All statistical analyses were computed using the Statistics Package for Social Sciences (Version 24.0; IBM Corporation, New York, USA). Descriptive statistics (mean±standard deviation [SD]; 95% confidence intervals [CI]) were calculated for each test parameter. A one-way analysis of variance (ANOVA), with Bonferroni post hoc adjustment for multiple pairwise comparisons, was used to calculate any differences between the different classes, with males and females analyzed separately. Statistical significance was set at p<0.05 a priori. Effect sizes (d) were also calculated for the between group comparisons, where the difference between the means was divided by the pooled SD.²⁷ In accordance with Hopkins,²⁸ a d less than 0.2 was considered a trivial effect; 0.2 to 0.6 a small effect; 0.6 to 1.2 a moderate effect; 1.2 to 2.0 a large effect; 2.0 to 4.0 a very large effect; and 4.0 and above an extremely large effect. As described by Lockie et al²⁹ effect sizes were included in this research to provide useful and practical information. Furthermore, scatter plots were also produced for each fitness test to derive the spread of scores relative to the individual CA recruit from each class.

RESULTS

The descriptive data for the overall class means is shown in Table 1, and there were no significant differences between the classes when male and female data was combined for any of the assessments (p=0.093-0.998). All between-class effect sizes for the comparisons were trivial-to-small (Table 2). Descriptive data for the male and female CA recruits from the three classes is shown in Table 3, while the pairwise effect size data for the males and females is displayed in Tables 4 and 5, respectively. With regards to the males, there were no significant differences between the three classes in age, body mass, number of push-ups, 2.4-km run time, or estimated VO2max (p=0.154-0.946). There was a moderate effect size for the greater number of push-ups completed by Class 3 compared to Class 2, although the difference was not significant (p=0.366). The initial one-way ANOVA suggested that there were significant differences in the number of sit-ups (p=0.035) and 201-m run time (p=0.047). The post hoc analysis revealed that the males from Class 2 completed significantly more sit-ups compared to the Class 3 males (24%; p=0.042), which had a moderate effect size. Regarding the 201-m run, the post hoc revealed that there were no significant between group differences, although the faster time for Class 3 approached significance when compared to Classes 1 (18%; p=0.086) and 2 (19%; p=0.079). There was also a moderate effect size for the difference between Classes 2 and 3.

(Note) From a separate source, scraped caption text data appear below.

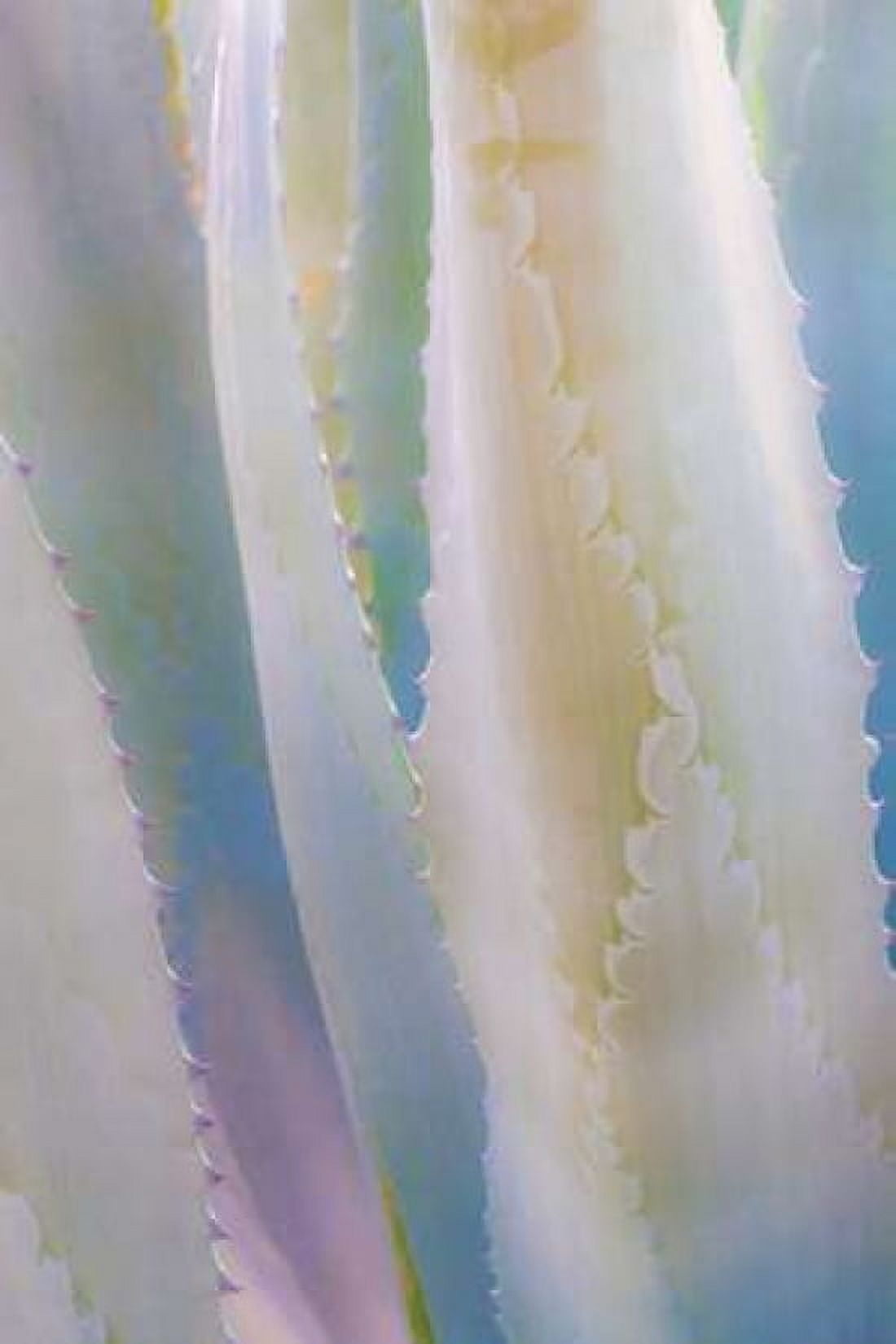 Agave IV Canvas Art - Kathy Mahan (24 x 36)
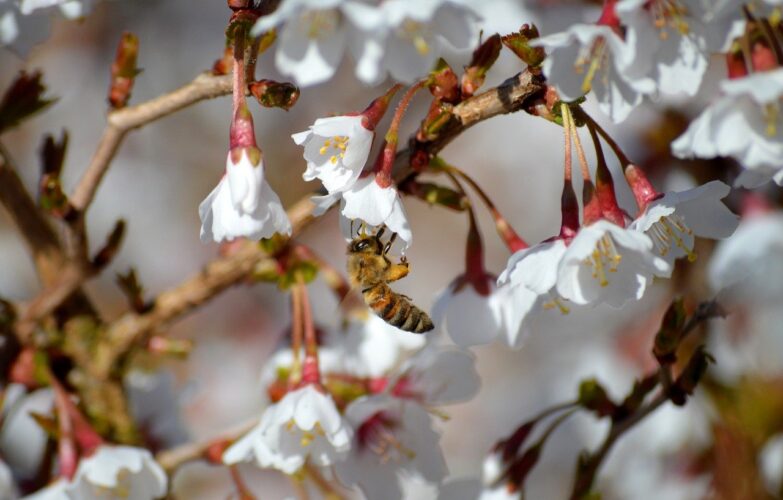 kojou no mai, fuji cherry, ornamental cherry, prunus incisa kojou-no-mai, march cherry, bees, honey bees, nature, insects, pollen, pollen bag, pollen panties, pollen basket, bee friendly, blossoms, flowering branches, hd background, nature wallpaper, world bee day, pollination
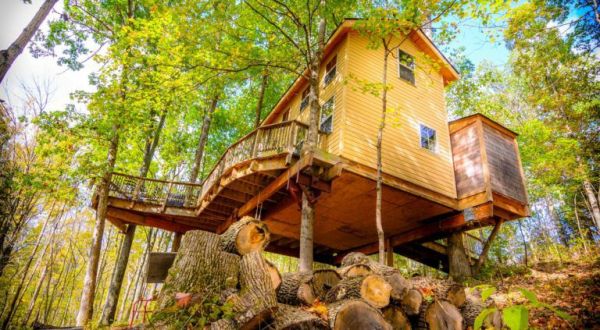This Treehouse Resort In Kentucky May Just Be Your New Favorite Destination
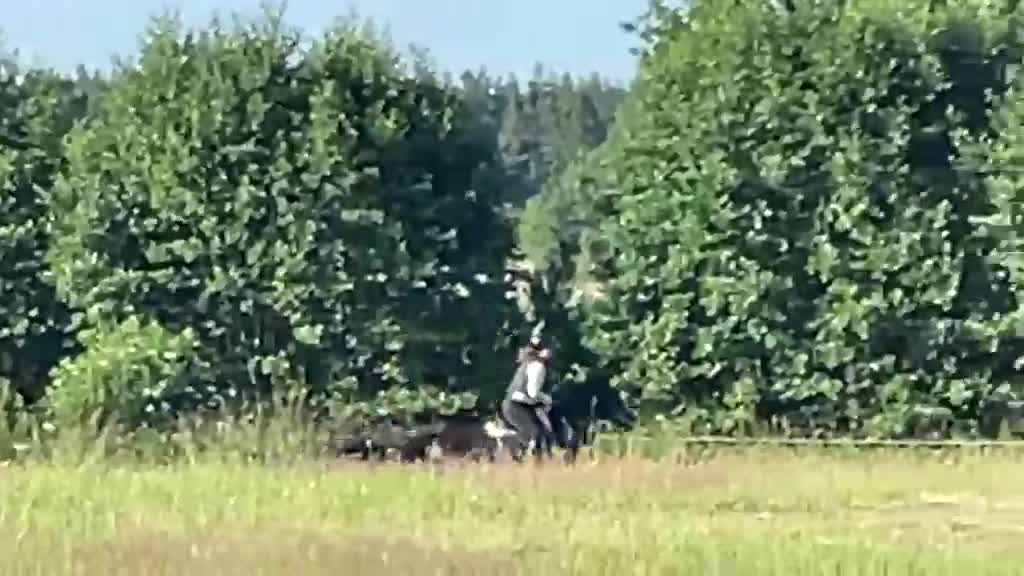 Allround hästar till salu: Kattelbo Hulda  i Kalmar - Video 4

There were no significant differences between classes for the female CA recruits in age, body mass, or any of the fitness assessments (p=0.184-0.961). There were moderate effect sizes for the greater age for Class 3 compared to Class 2, and body mass for Class 3 compared to Class 1, but both were non-significant (p=0.331 and 0.203, respectively). There were also moderate effect sizes for the 23% greater number of sit-ups and 16% higher estimated VO2max for Class 1 compared to Class 3, but again, these were non-significant (p=0.761 and 0.253, respectively).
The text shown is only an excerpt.